In 1971, the Soviets landed a spacecraft on Mars, which ultimately met an unfortunate fate and died in a somewhat unknown location. Now, over four decades later, it is believed parts of that spacecraft were photographed by NASA's Mars Reconnaissance Orbiter years ago, only to have been overlooked for half a decade and eventually spotted by enthusiasts on an Internet forum.

The community at VK.com/Curiosity_Live crowdsourced a mission to find the Soviet Union's long-lost Mars 3 spacecraft, with the site's leader, Vitali Egorov of St. Petersburg, Russia, creating models of what hardware from the spacecraft should look like. With this reference, the community combed through a large image taken five-years ago by NASA's MRO, identifying what is believed to be the craft's parachute, lander, terminal retrorocket, and heat shield.

The HiRISE image in which the possible spacecraft parts were discovered is massive with 1.8 million pixels, which NASA says would require approximately 2500 average computer monitors to view. In light of the discovery, it was recommended that a new image be taken of the location where the hardware parts were discovered, which ultimately happened on March 10 of this year. The new image looks at the area in color and in different angles, which should provide a better idea of what the original image shows.

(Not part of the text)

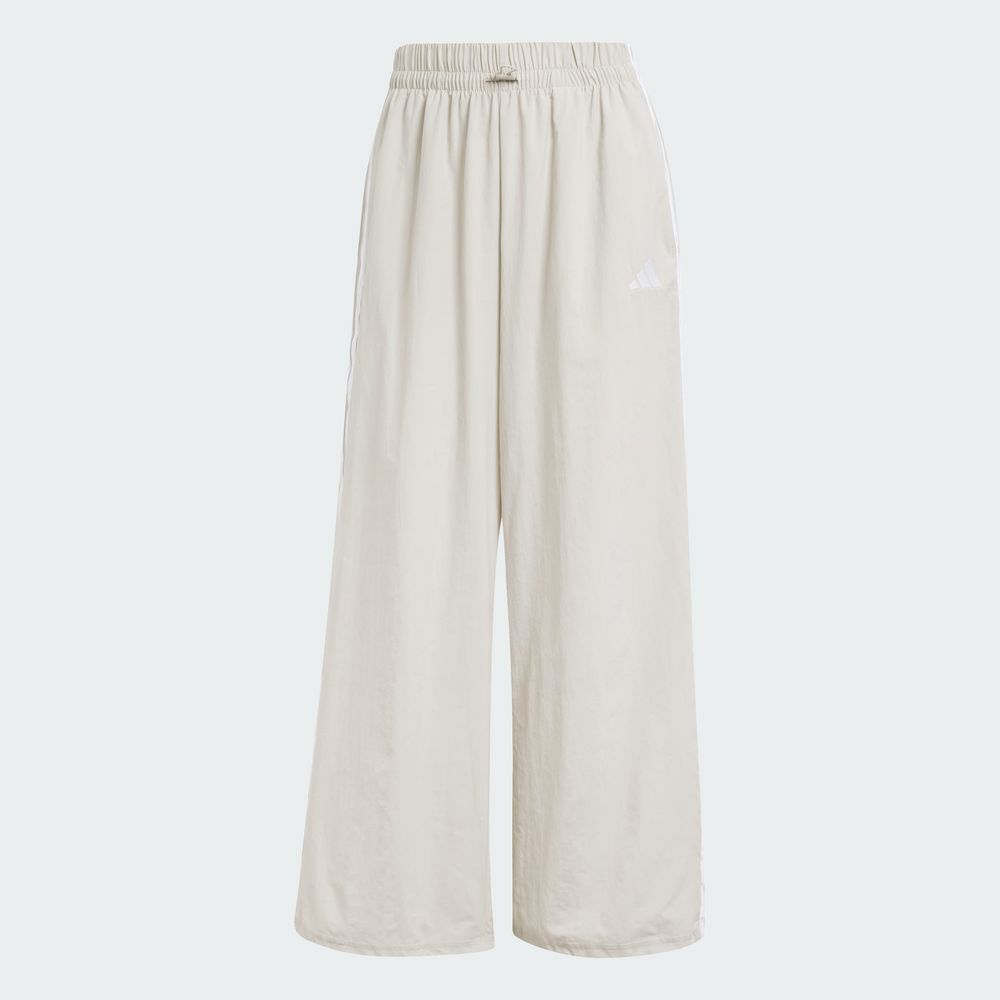 Foto 3 | W 3s Wv Pt Adidas Gris Mujer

Said Alfred McEwen, HiRISE Principal Investigator from the University of Arizona, said: "Together, this set of features and their layout on the ground provide a remarkable match to what is expected from the Mars 3 landing, but alternative explanations for the features cannot be ruled out. Further analysis of the data and future images to better understand the three-dimensional shapes may help to confirm this interpretation."